§ TASK DETAILS:
Leaving all pictures aside, copy exactly the lines from the start of the listing below through the line that contains "NHL Toronto Maple", and only those lines.
INFORMATION SUPPLIED START
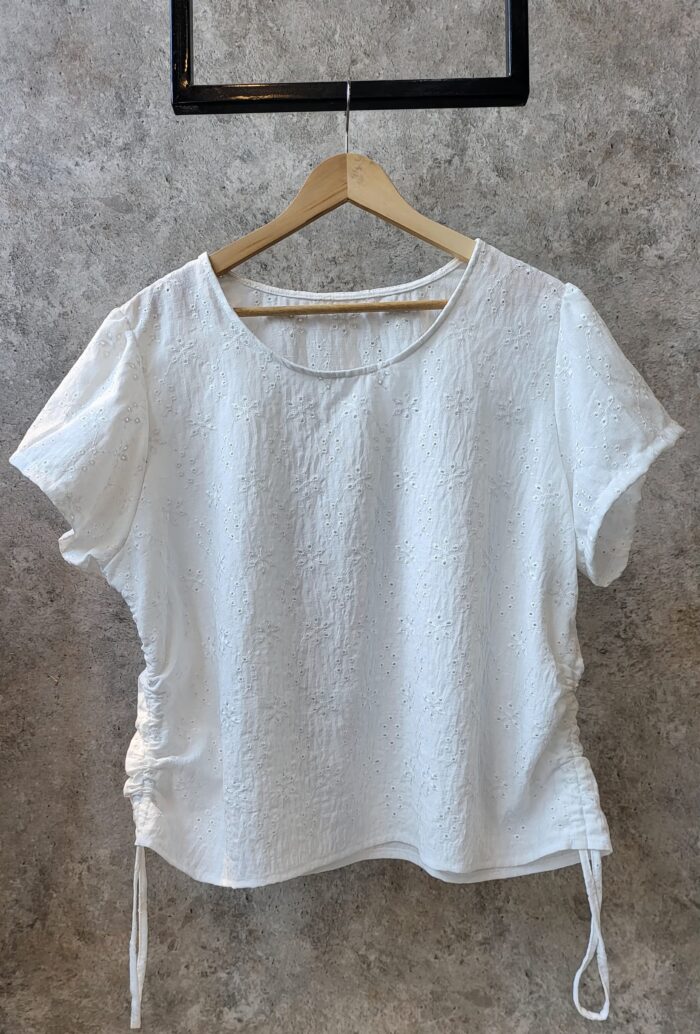 Blusa SOLIDA - Image 5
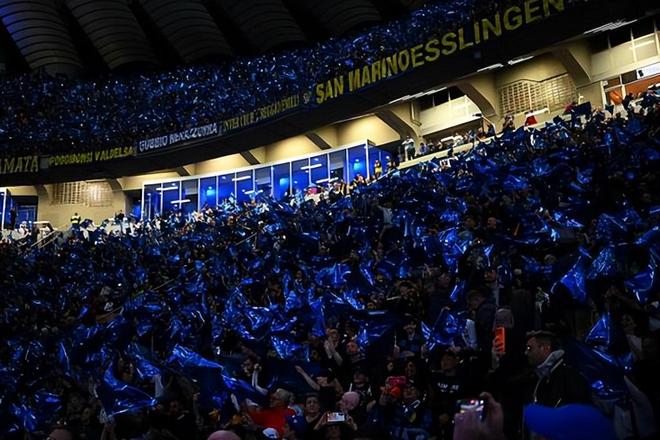 七轮七分，国米继续领跑；稍安勿躁，苟到冠军到手再上高速！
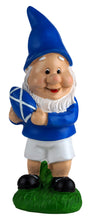 Load image into Gallery viewer, BWG Scottish Rugby 20cm Novelty Garden Gnome Ornaments Figurine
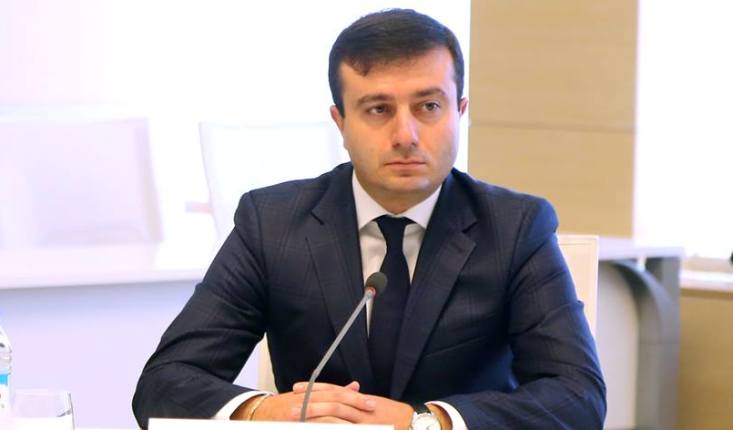 ჩვენმა გუნდმა წარადგინა რეფორმების კონკრეტული გეგმა, რომელიც პირდაპირ პასუხობს ევროკავშირის მოთხოვნე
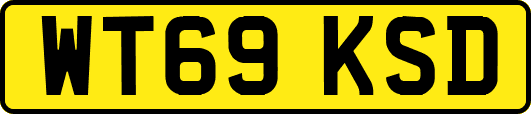 WT69KSD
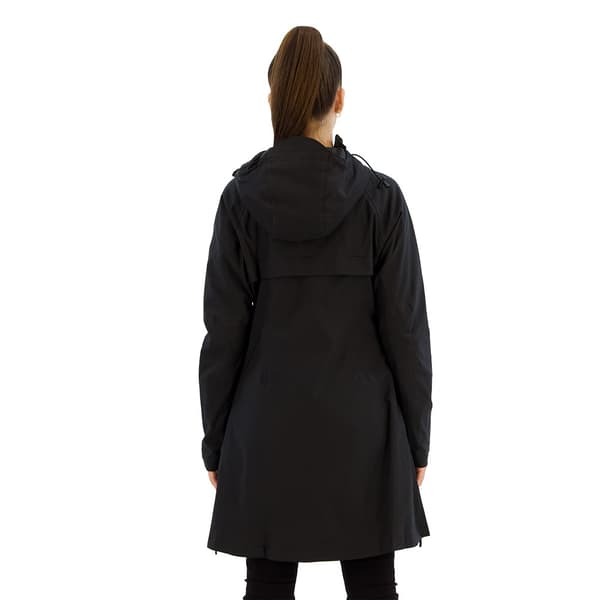 Agu Seq Rain Urban Outdoor Jacka Svart S Kvinna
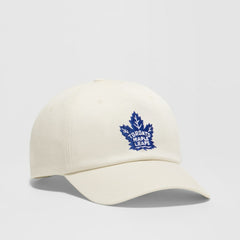 NHL Toronto Maple Leafs lululemon Unisex Classic Ball Cap - Light Ivory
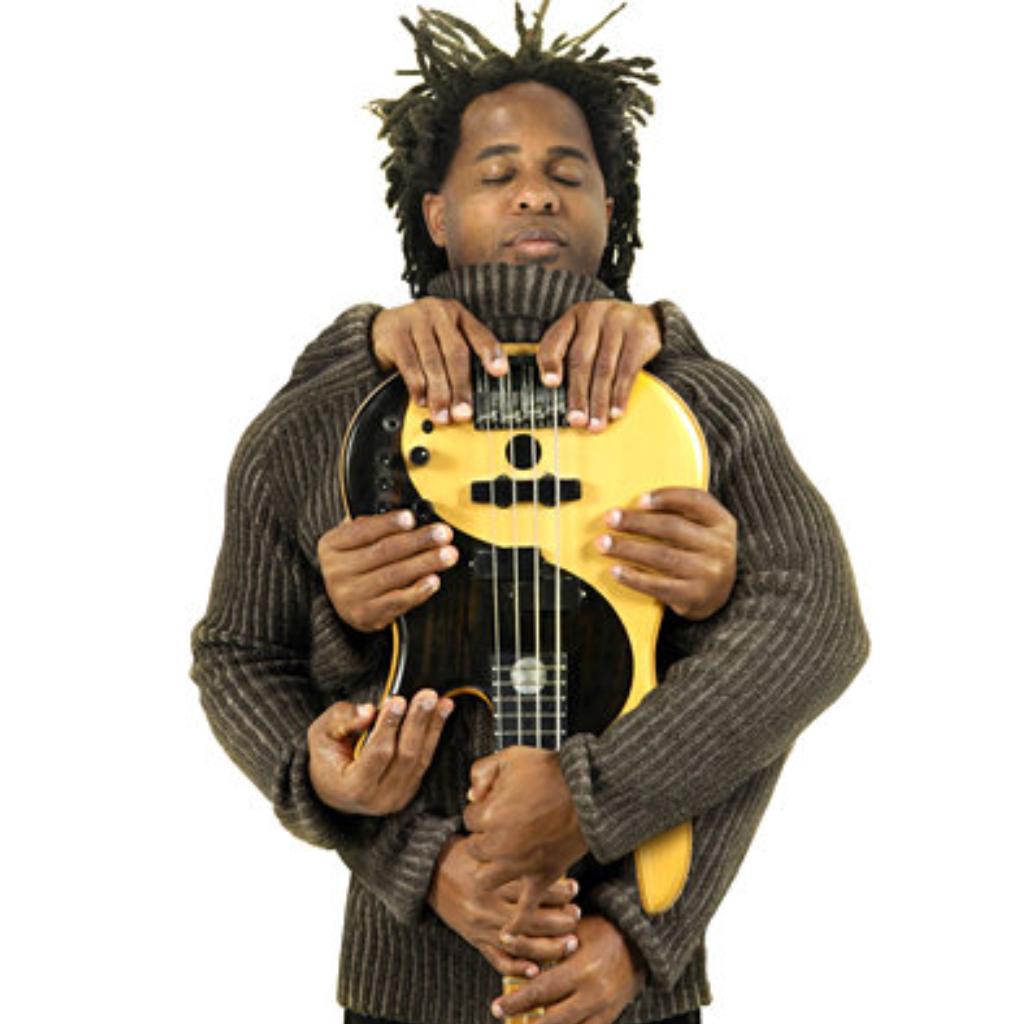Victor Wooten 90年代十大贝司改革者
INFORMATION SUPPLIED END
§ RESPONSE FOR THIS EXERCISE:
 Blusa SOLIDA - Image 5
 七轮七分，国米继续领跑；稍安勿躁，苟到冠军到手再上高速！
 Load image into Gallery viewer, BWG Scottish Rugby 20cm Novelty Garden Gnome Ornaments Figurine
 ჩვენმა გუნდმა წარადგინა რეფორმების კონკრეტული გეგმა, რომელიც პირდაპირ პასუხობს ევროკავშირის მოთხოვნე
 WT69KSD
 Agu Seq Rain Urban Outdoor Jacka Svart S Kvinna
 NHL Toronto Maple Leafs lululemon Unisex Classic Ball Cap - Light Ivory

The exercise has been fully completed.